Stahl 31. Jan 2022 Von Iestyn Hartbrich Lesezeit: ca. 4 Minuten

Umbau in der Stahlindustrie

Für fast alle Hochöfen in Deutschland, Österreich und den Niederlanden gibt es mittlerweile Abschaltpläne. Nach und nach werden sie durch Direktreduktionsanlagen ersetzt. Ein Blick auf die Landkarte.

Grafik: VDI nachrichten 2/2022, Gudrun Schmidt         Foto [M]: PantherMedia / Mondi.h / VDIn

ArcelorMittal

Foto: ArcelorMittal Bremen/Thomas Joswig

ArcelorMittal ist der größte Stahlproduzent der Welt. In Bremen betreibt der Konzern ein Hüttenwerk mit zwei Hochöfen. Laut den aktuellen Plänen soll einer davon bis 2027 vorzeitig stillgelegt werden. An dessen Stelle tritt eine Direktreduktionsanlage mit einer Jahreskapazität von 2,4 Mio. t DRI (direct reduced iron). „Unsere Anlage wäre eine der größten weltweit“, sagt André Körner, Geschäftsführer der ArcelorMittal Deutschland Holding.

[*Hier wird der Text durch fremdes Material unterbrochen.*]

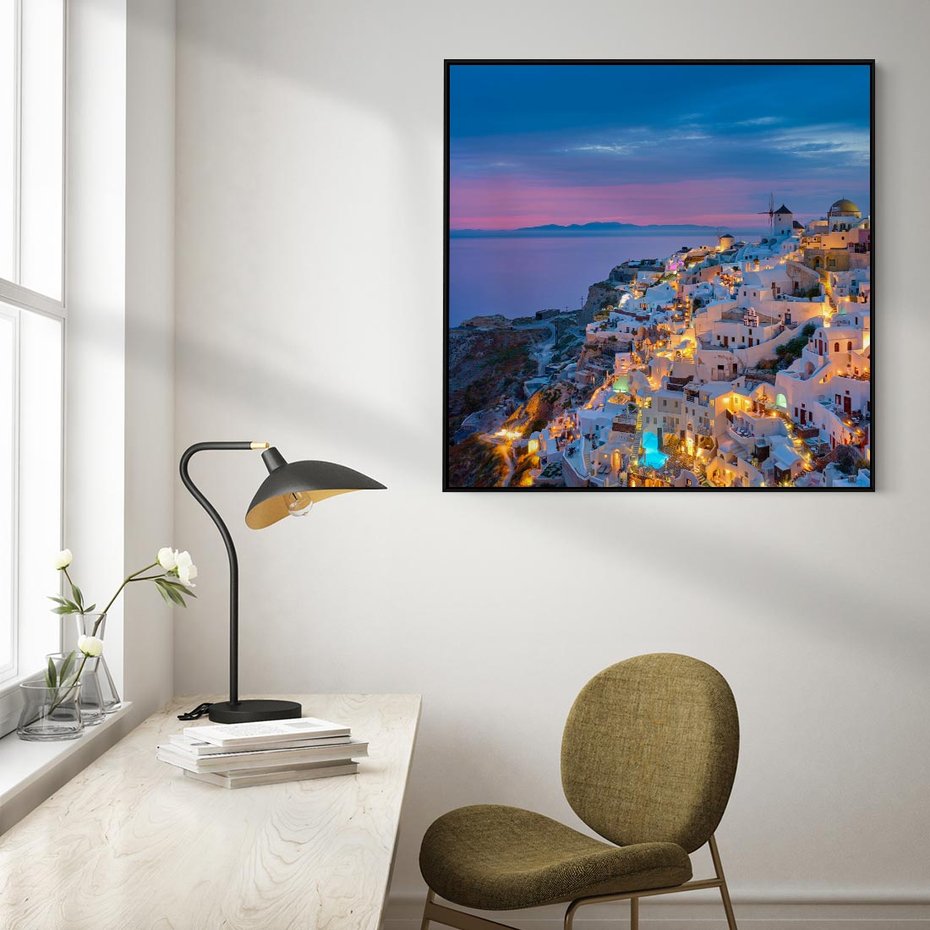 Obraz w ramie 50x50 - Wyblakłe wspomnienia gwiazd - Santorini, wieczór - rama czarna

Ein Teil des Eisens wird per Bahn ans Schwesterwerk in Eisenhüttenstadt geliefert. Der Rest wird vor Ort in einem neu gebauten Elektrolichtbogenofen (EAF) für die Stahlproduktion verwendet. Die Investitionen dieser ersten Phase in Bremen und Eisenhüttenstadt gibt ArcelorMittal mit über 1 Mrd. € an. Die Hälfte soll aus Subventionen kommen. „Ohne staatliche Förderung werden unsere Projekte nicht umgesetzt werden können“, sagt Körner.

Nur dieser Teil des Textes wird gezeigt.